Pocas horas después, los periodistas preguntaron a Salk quién poseía la patente.
Su respuesta los dejó sin palabras:
“El pueblo, diría yo. No hay patente. ¿Cómo se podría patentar el sol?” La cedió al mundo. Gratis.
Y aquello compró algo inmensamente mayor:
Para 1961, los casos habían caído más del 90%.
Para 1979, la polio estaba eliminada en Estados Unidos.
Para 2023, persistía solo en dos países.
Según estimaciones internacionales, unos 18 millones de personas que habrían quedado paralizadas pueden caminar hoy.
Cientos de miles de vidas han sido salvadas.
Salk nunca recibió el Premio Nobel —razones políticas y rivalidades influyeron—, pero obtuvo algo más profundo: ver a los niños correr sin miedo.
Antes de morir en 1995, le preguntaron qué quería en su tumba.
“Preferiría que estuviera en un parque —dijo—. Donde juegan los niños que no contrajeron polio. Eso basta.”
Hoy, en un depósito en Atlanta, se conserva uno de los últimos pulmones de acero del país.
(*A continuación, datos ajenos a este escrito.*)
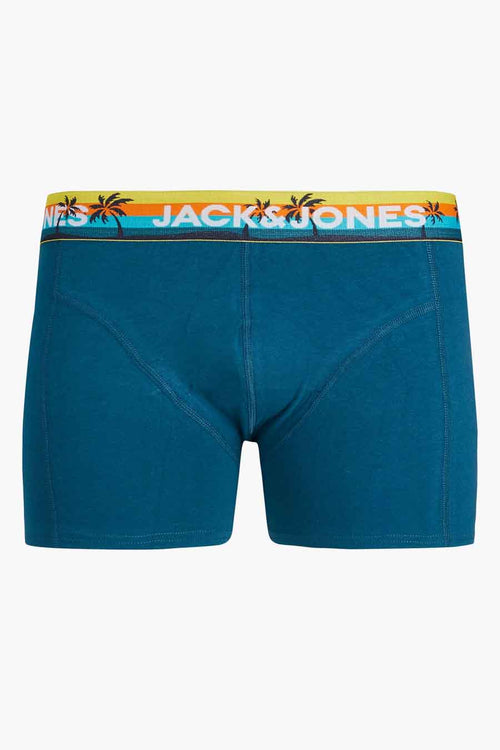 Boxer Blauw - ACCESSORIES BY JACK & JONES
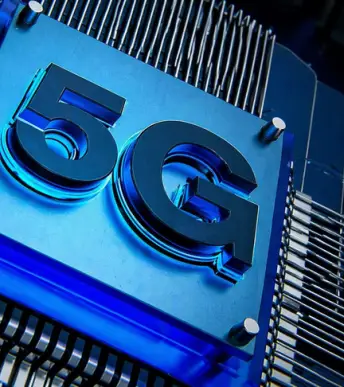5G rekor getirdi: Elektronik haberleşme yatırımları 263 milyar liraya ulaştı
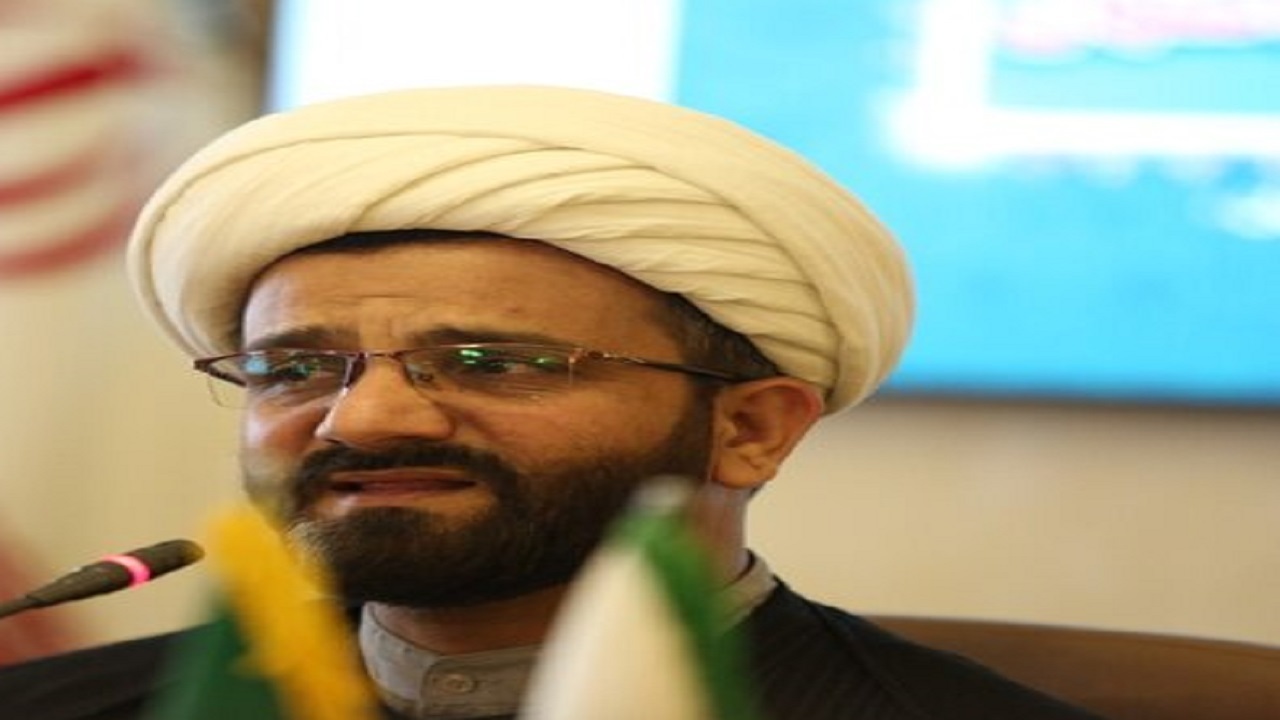مهم‌ترین راهکار جذب نسل جدید عمل‌گرایی است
Pieza de museo. Monumento a un enemigo derrotado.
Porque un hombre eligió arriesgarlo todo —incluida la seguridad de su propia familia— para proteger a la de millones.
Pudo haber sido el científico más rico de la historia.
Decidió ser algo más raro: verdaderamente necesario.
La próxima vez que alguien diga que una sola persona no puede cambiar el mundo, cuéntale el verano de 1952, cuando los padres temían y los niños enfermaban. Y luego háblale de Jonas Salk, el hombre que regaló el sol.
#PolioVaccine #JonasSalk

Recordamos el miedo. Fue en 1956 que tuvimos casos cerca de nuestras familias. Entonces nos aplicaron Gamma globulina que creo que fue para reforzar defensas. Y más tarde esta bendita vacuna. Y luego la Sabin Oral.